Instructions for the task: Below, some lines carry pictures; leave those pictures out and retype exactly the lines from the one with "a large kitchen" through the one with "Slide: The Image".

(Beginning of Data records)

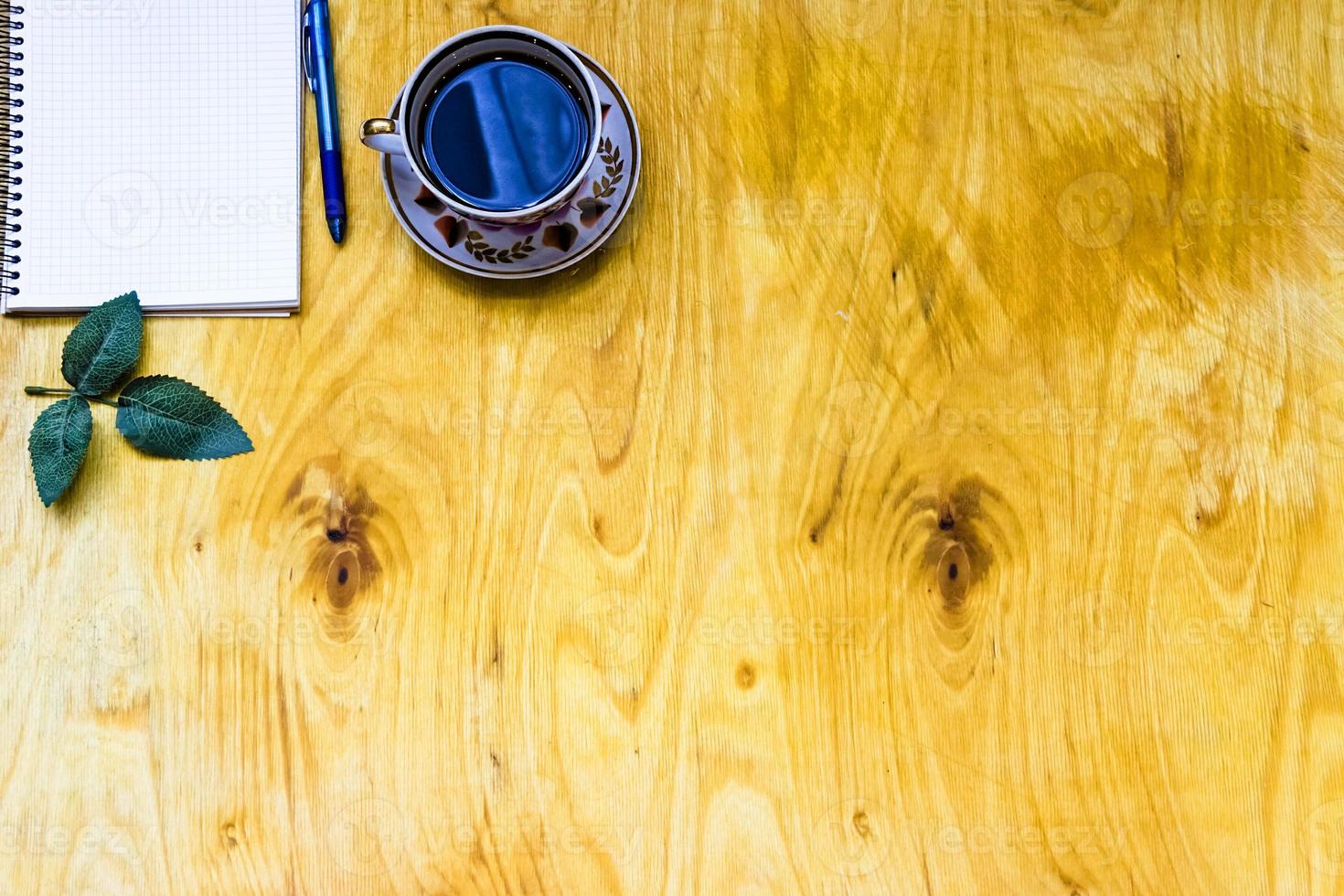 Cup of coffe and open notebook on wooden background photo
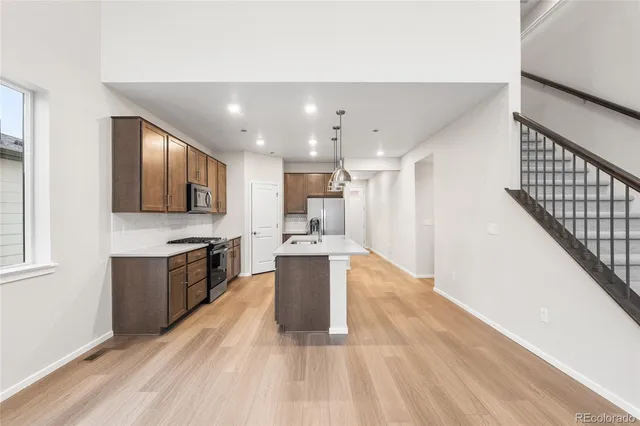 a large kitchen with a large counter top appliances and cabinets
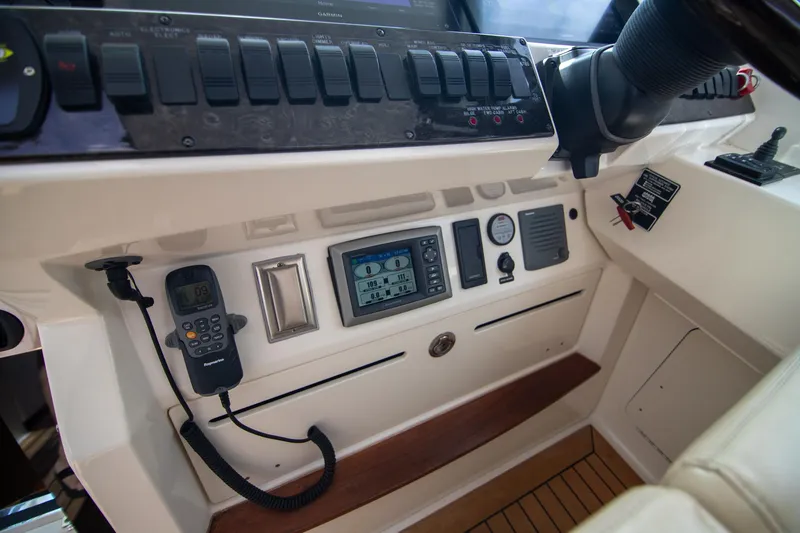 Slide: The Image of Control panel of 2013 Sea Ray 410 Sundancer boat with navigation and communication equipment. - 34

(End of Data records)
(Beginning of Data records)

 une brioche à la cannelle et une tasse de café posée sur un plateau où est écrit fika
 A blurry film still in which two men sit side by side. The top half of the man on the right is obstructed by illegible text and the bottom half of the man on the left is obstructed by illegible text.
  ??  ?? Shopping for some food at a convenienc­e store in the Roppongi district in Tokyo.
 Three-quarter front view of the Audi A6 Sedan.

(End of Data records)
(Beginning of Data records)

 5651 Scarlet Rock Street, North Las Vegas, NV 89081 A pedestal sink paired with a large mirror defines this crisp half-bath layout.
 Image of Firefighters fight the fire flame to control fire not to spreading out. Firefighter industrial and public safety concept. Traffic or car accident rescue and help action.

(End of Data records)

Result for this task:
 a large kitchen with a large counter top appliances and cabinets
 Slide: The Image of Control panel of 2013 Sea Ray 410 Sundancer boat with navigation and communication equipment. - 34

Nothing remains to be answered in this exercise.